**RECORDED DATA**
--------------------------------------------------
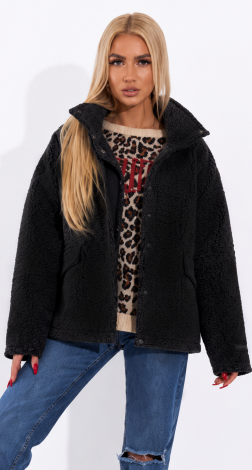 Short eco-fur coat karakul black
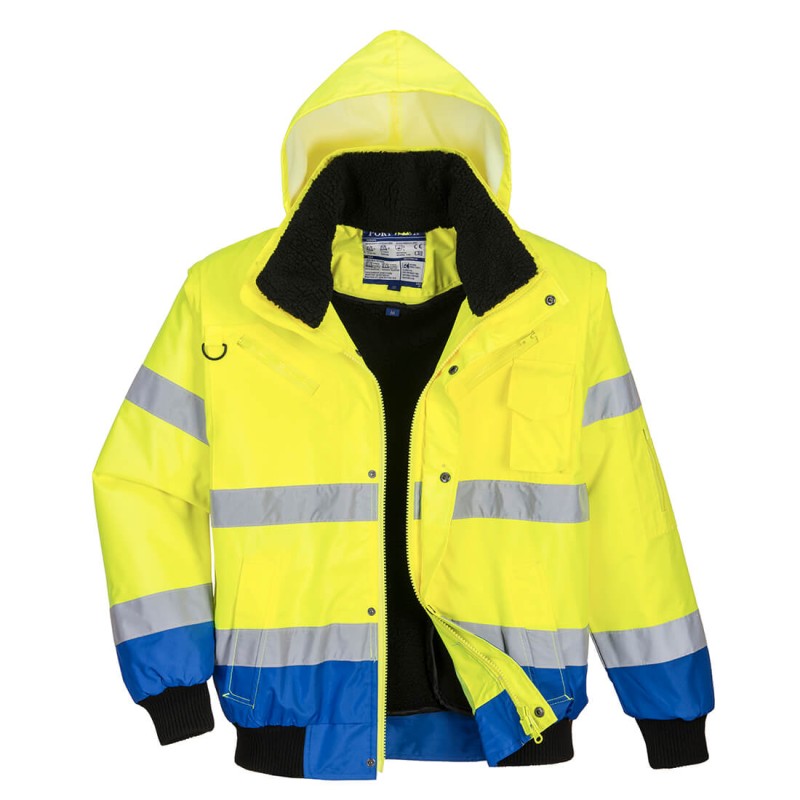 C465 - Hi-Vis Contrast Bomber Jacket Yellow/Royal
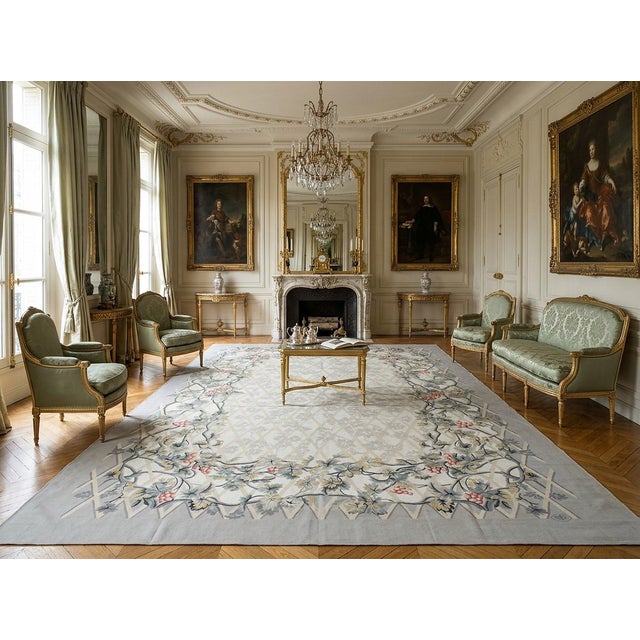 9x12 Vintage Aubusson Flat Weave Wool Rug, Grey Grapevine Trellis For Sale - Image 10 of 12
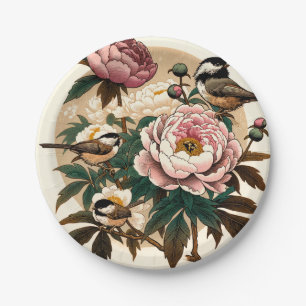 Assiettes En Carton Pierres de Chickadee noir Peony Art Amateurs de na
--------------------------------------------------
**PROBLEM TO SOLVE**
Copy out every line of the material above exactly, skipping the pictures.

**COMPLETED EXERCISE**
 Short eco-fur coat karakul black
 C465 - Hi-Vis Contrast Bomber Jacket Yellow/Royal
 9x12 Vintage Aubusson Flat Weave Wool Rug, Grey Grapevine Trellis For Sale - Image 10 of 12
 Assiettes En Carton Pierres de Chickadee noir Peony Art Amateurs de na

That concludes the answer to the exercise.